Still, some progress has been made. In the mostly Kurdish-populated city of Diyarbakir, the largest Armenian church in the Middle East has been rebuilt. And this is even though a hundred years ago, it was especially Kurds who acted upon the orders from Constantinople. Armenians who for their whole life thought of themselves as Muslim or Kurdish rediscover the story of their grandparents. Even in Turkish civil society, the demand for a reappraisal of the past is growing.

The last Armenian village in Turkey

Two people who stand against oblivion are photographer Sait Serkan Gurbuz and journalist Caroline Trent-Gurbuz. They spent three weeks in Vakıflı, the last Armenian village in Turkey. Although their documentary project is not directly concerned with the events starting in 1915, the connection offers itself automatically: Vakıflı is one of the seven villages Franz Werfel wrote about. The 123 people who still live there today are in part descendants of those Armenians who fled to the Musa Dagh.

Vakıflı is once again facing extinction, but this time the residents are leaving voluntarily. Istanbul in particular lures them in with educational and career opportunities, with prosperity and culture. Those who have remained speak very emotionally of their village.
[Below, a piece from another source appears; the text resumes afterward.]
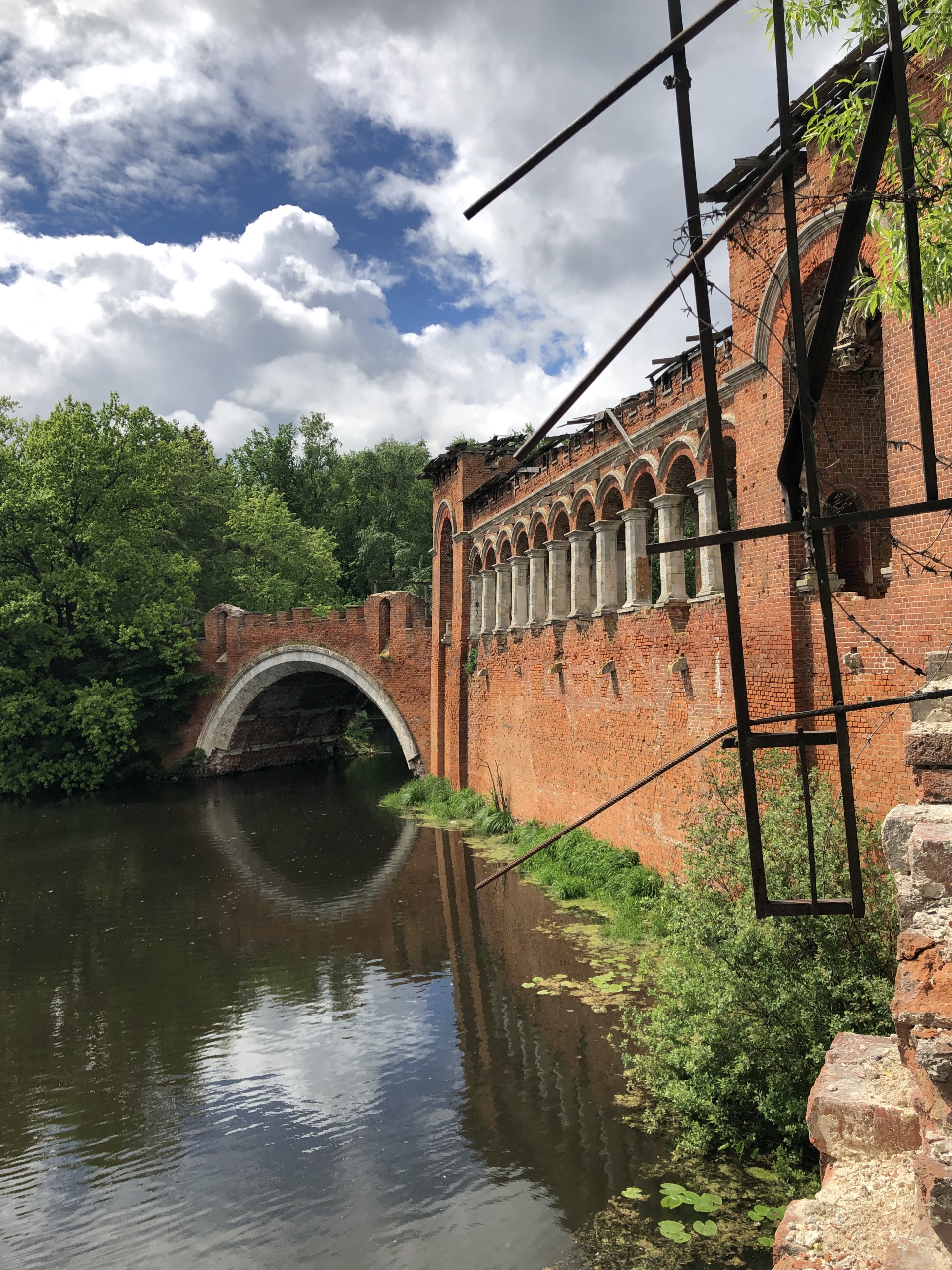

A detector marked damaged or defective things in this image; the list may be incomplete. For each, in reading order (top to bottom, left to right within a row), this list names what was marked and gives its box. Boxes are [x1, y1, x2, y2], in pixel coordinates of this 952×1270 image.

If one wants to escape the noisy, dirty and crowded streets of the metropolis, there seems to be no better destination than Vakıflı. In its coffee shops, people play Backgammon day in and day out, as if time stood still. In the citrus groves, the most beautiful sun-kissed oranges are grown. And if you look far enough into the distance, behind green hills with the occasional village roofs, you can see the sea.

It doesn’t matter whoever you are, Muslim or Christian. Muslims go this way, Christians go that way, but they end up in the same place, with one God.

– Avedis Demirci, Vakıflı

It is difficult enough to give justice to a single person in words and pictures, if only as an approximation. In the many stories about the villagers, about their concerns, rituals and dreams, the two authors succeed not only in doing that; they even manage to bring to life the community as such. The depictions range from the oldest to the youngest inhabitant, from happy families to widows and involuntary singles. The people portrayed allow for a remarkable intimacy. They make themselves vulnerable and precisely that makes them all the more dignified.

It soon becomes clear that prejudices can only exist where people don’t know each other. I have the feeling that, at least for a small part, Vakıflı has become home to me.

The quotations are taken from Geoffrey Dunlop’s 1934 translation of The Forty Days of Musa Dagh, which can be borrowed for free from Open Library.